__WHAT TO WORK ON__. Output the run of lines that opens with the first line of the material below and closes with the line containing "NIKE AIR JORDAN", both included, and drop the pictures.

━━━━━━━━━━

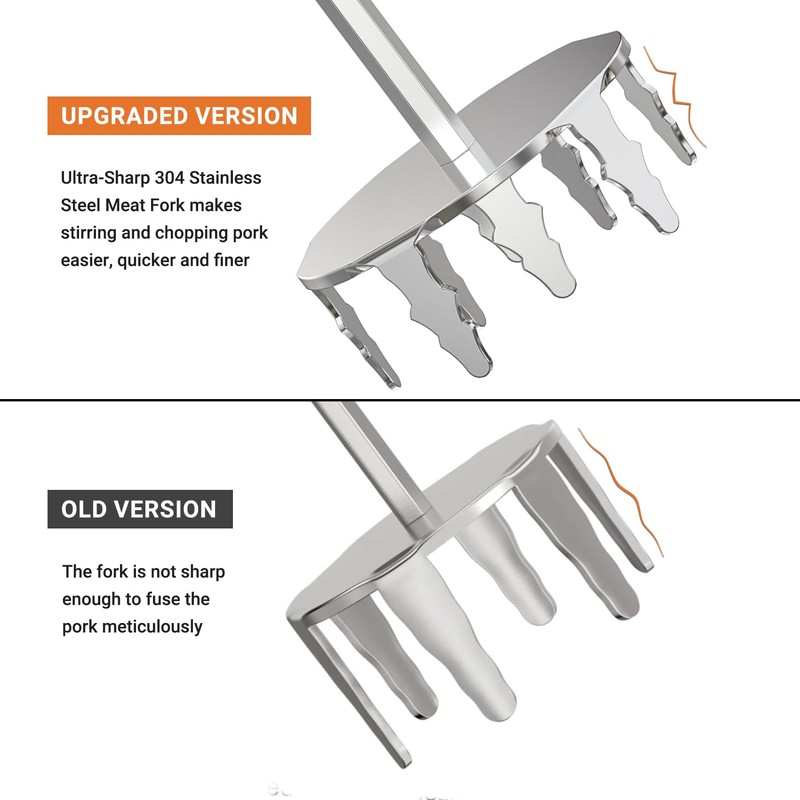onlyfire 4 Inch Pork Puller, Upgraded Ultra-Sharp Stainless Steel Meat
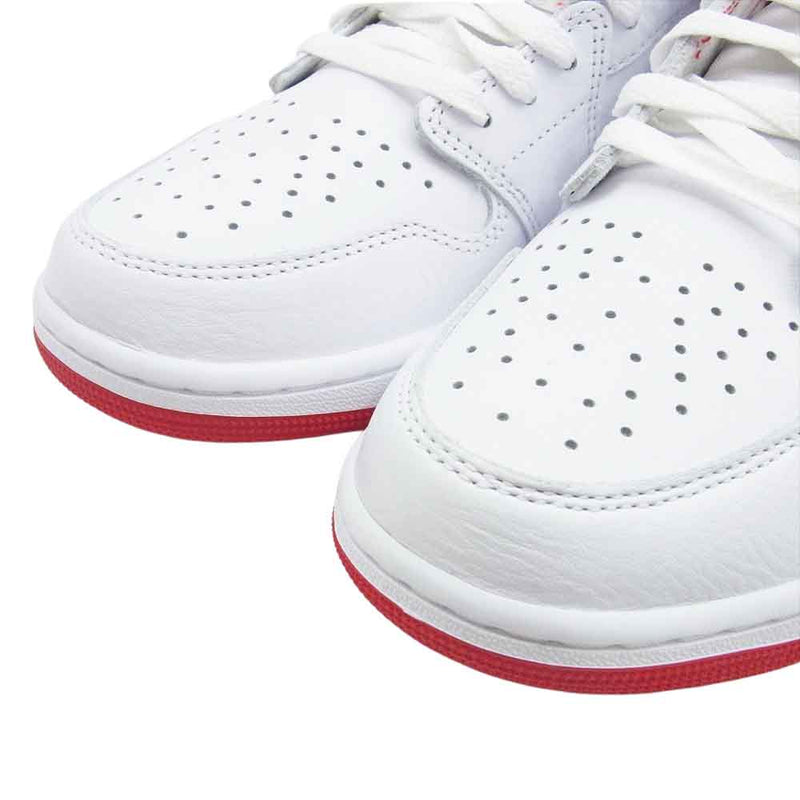 NIKE AIR JORDAN ナイキ ジョーダン CZ0790-161 AJ1 Retro Low OG White and University Red エアジョーダン1 レトロ ロー OG ホワイト アンド ユニバーシティレッド スニーカー ホワイト系 レッド系 28.5cm【美品】【中古】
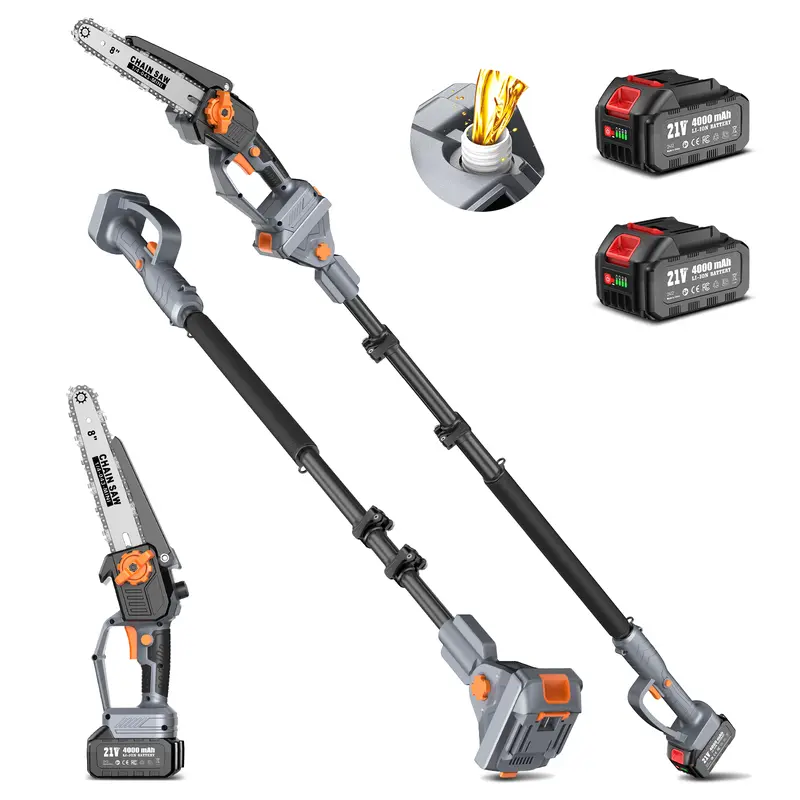 TaskStar 2-in-1 Cordless Pole Saw & 8" Mini Chainsaw - Brushless Motor, Auto Lubrication, Adjustable Head, 15 Ft Max Reach, 2x 4.0 Ah (4000 mAh) Batteries & Charger, 4.2lb Ultra-Lightweight Cordless Cutting Machine, Battery Powered Saw for Tree Trimming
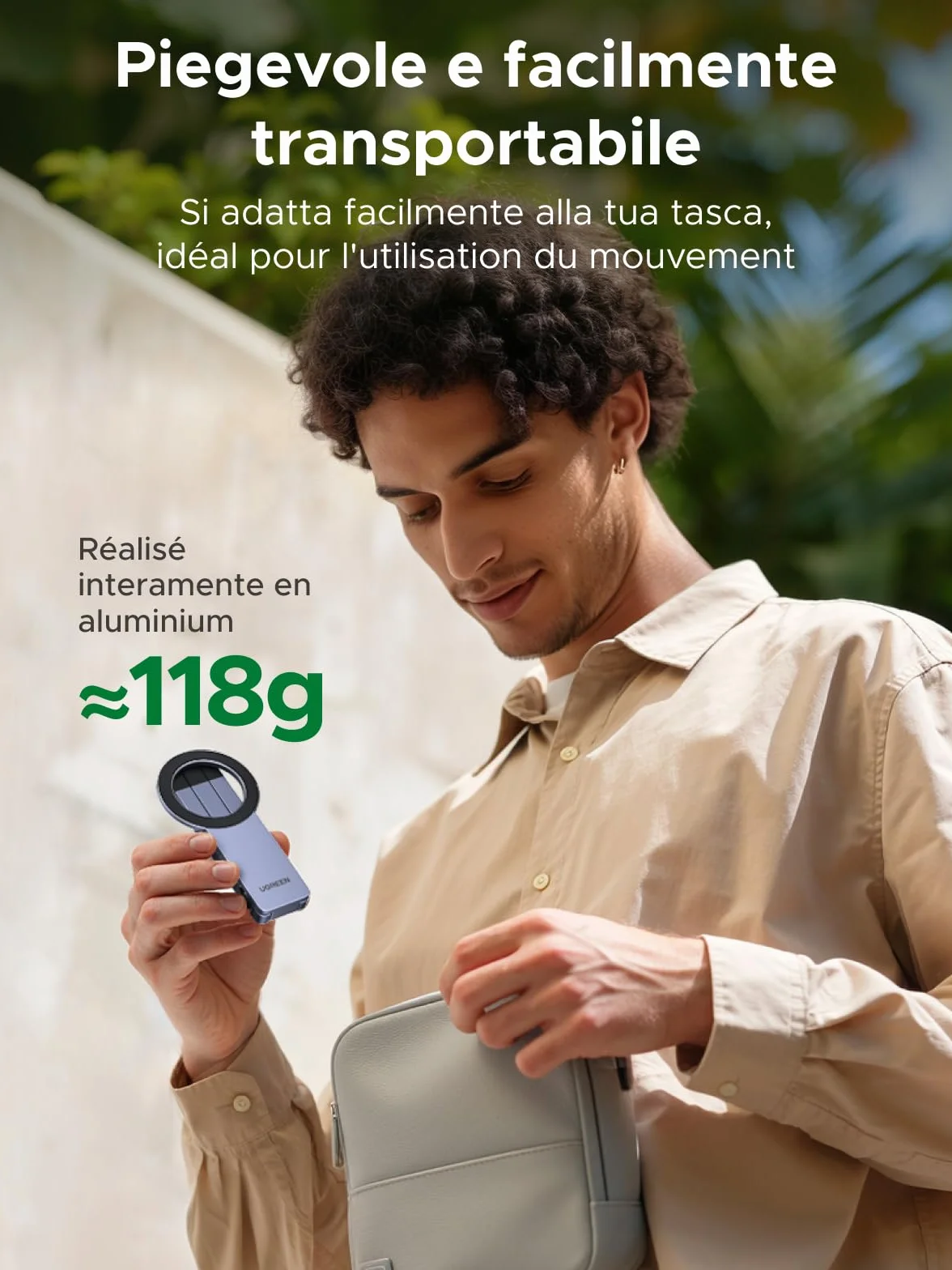 UGREEN Trépied Magnétique pour Téléphone MagSafe Gris Nébuleuse Alliage d'aluminium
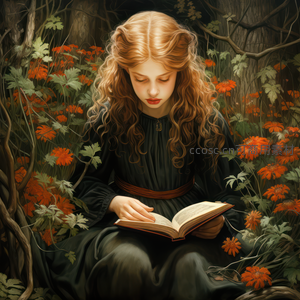 卷发少女森林中静读魔法书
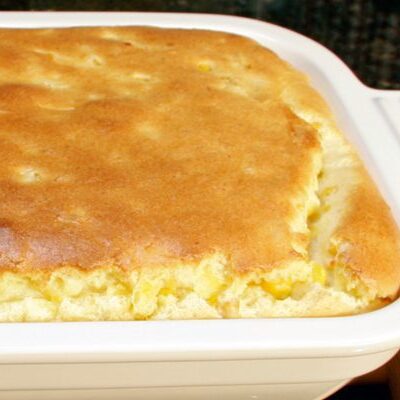 corn pudding in a baking dish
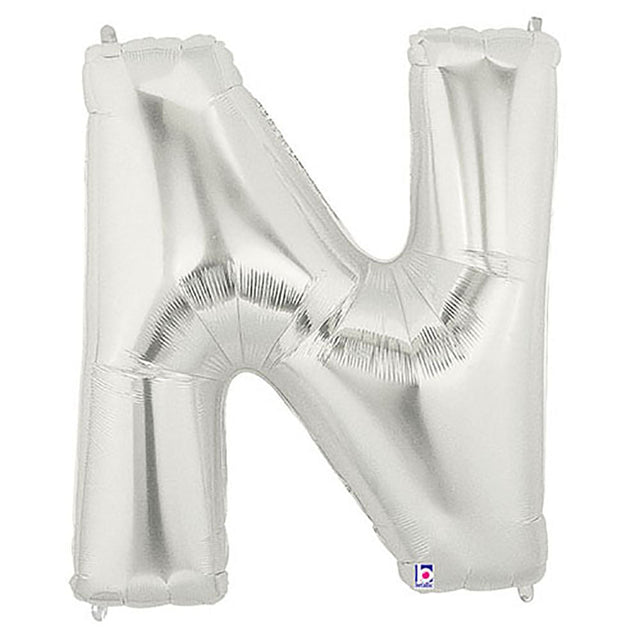 Foil Balloon Letter N Silver Megaloon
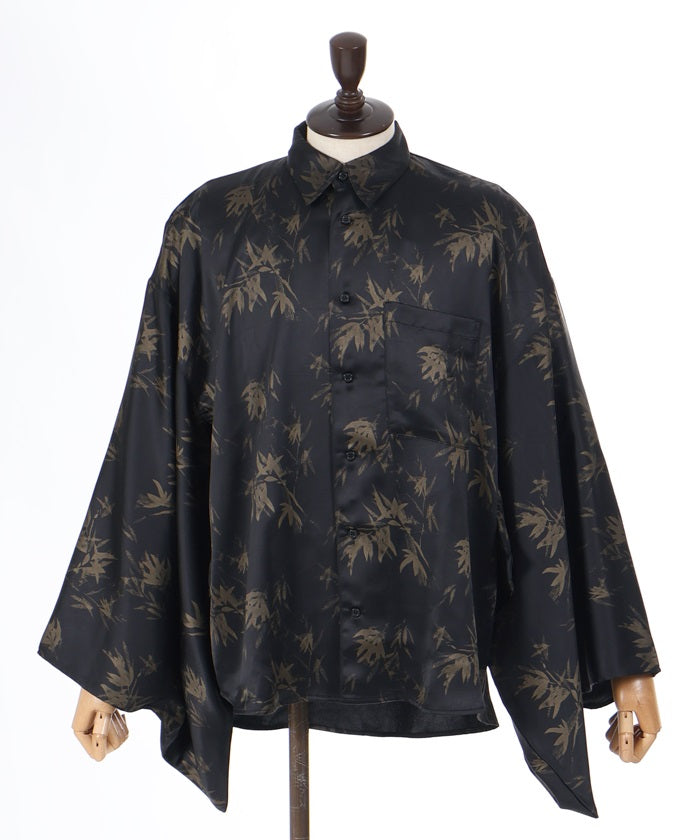 Bamboo Forest Lamé Print Japanese Sleeve Shirt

━━━━━━━━━━

__RESPONSE TO THIS TASK__.
onlyfire 4 Inch Pork Puller, Upgraded Ultra-Sharp Stainless Steel Meat
 NIKE AIR JORDAN ナイキ ジョーダン CZ0790-161 AJ1 Retro Low OG White and University Red エアジョーダン1 レトロ ロー OG ホワイト アンド ユニバーシティレッド スニーカー ホワイト系 レッド系 28.5cm【美品】【中古】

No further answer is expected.